However, to leverage the full potential of OpenTelemetry, a gradual migration is recommended. If you rely on vendor-specific instrumentation, anticipate the need for re-instrumentation using OpenTelemetry.
Finally, determine the destination of your telemetry data. Are you using open-source tools like Jaeger or Prometheus, a proprietary vendor solution, or even a Kafka cluster for further processing? This decision will dictate the exporters you'll need within the OpenTelemetry Collector.
By mapping out your technology stack and identifying the relevant OpenTelemetry components, you'll be well-prepared to evaluate their stability and readiness for your project's specific needs.
Instrumenting an application with OpenTelemetry
Instrumentation with OpenTelemetry involves adding code manually or using auto-instrumentation agents to generate telemetry data for each operation performed in an application.
We'll focus on instrumenting a service for generating traces, where each service operation emits one or more spans. Spans contain data on the service, operation, timing, context (trace/span IDs), and optional attributes.
The OpenTelemetry SDK propagates the span's context across services to establish causal relationships, ensuring spans can be reconstructed into meaningful traces for analysis in backend tools.
Let's see these concepts in action by instrumenting a basic Node.js application with OpenTelemetry and sending the generated data to Jaeger for analysis.
1. Begin with automatic instrumentation
Automatic instrumentation can help jumpstart your observability journey by capturing data from many popular libraries and frameworks without requiring any code changes. This means you can start collecting traces within minutes instead of doing everything manually.

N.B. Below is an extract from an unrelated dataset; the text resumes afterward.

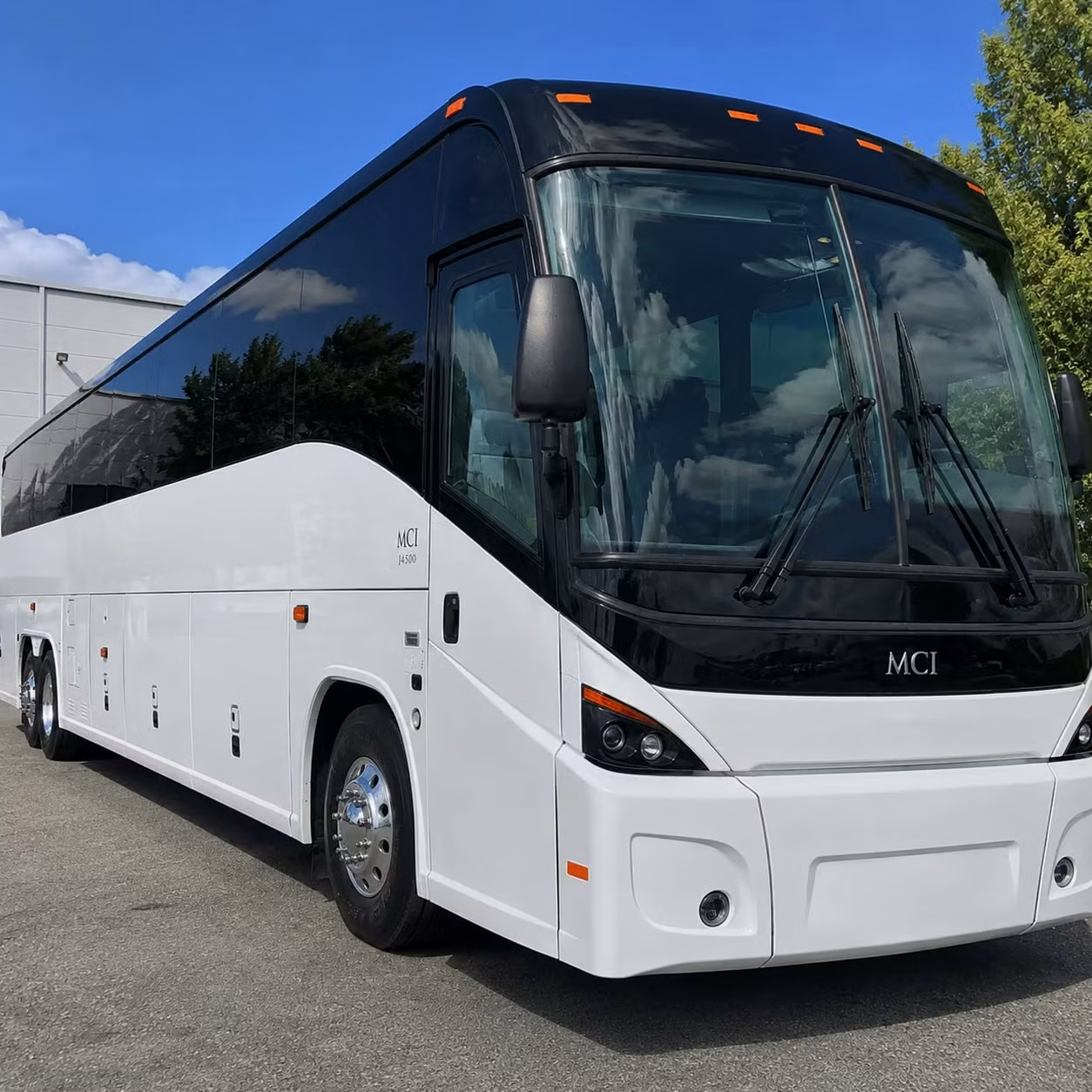 sanford 56 passenger charter bus rental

Let's say you have a simple Fastify app like this:
import Fastify from 'fastify';
const fastify = Fastify({
logger: false,
});
fastify.get('/', async function (request, reply) {
const response = await fetch('https://icanhazdadjoke.com/', {
headers: {
Accept: 'application/json',
},
});
const data = await response.json();
reply.send({ data });
});
const PORT = parseInt(process.env.PORT || '8080');
fastify.listen({ port: PORT }, function (err, address) {
if (err) {
console.error(err);
process.exit(1);
}
console.log(`Listening for requests on ${address}`);
});
You can instrument it with OpenTelemetry through its Node.js SDK and auto-instrumentations package so that it automatically creates spans for each incoming request.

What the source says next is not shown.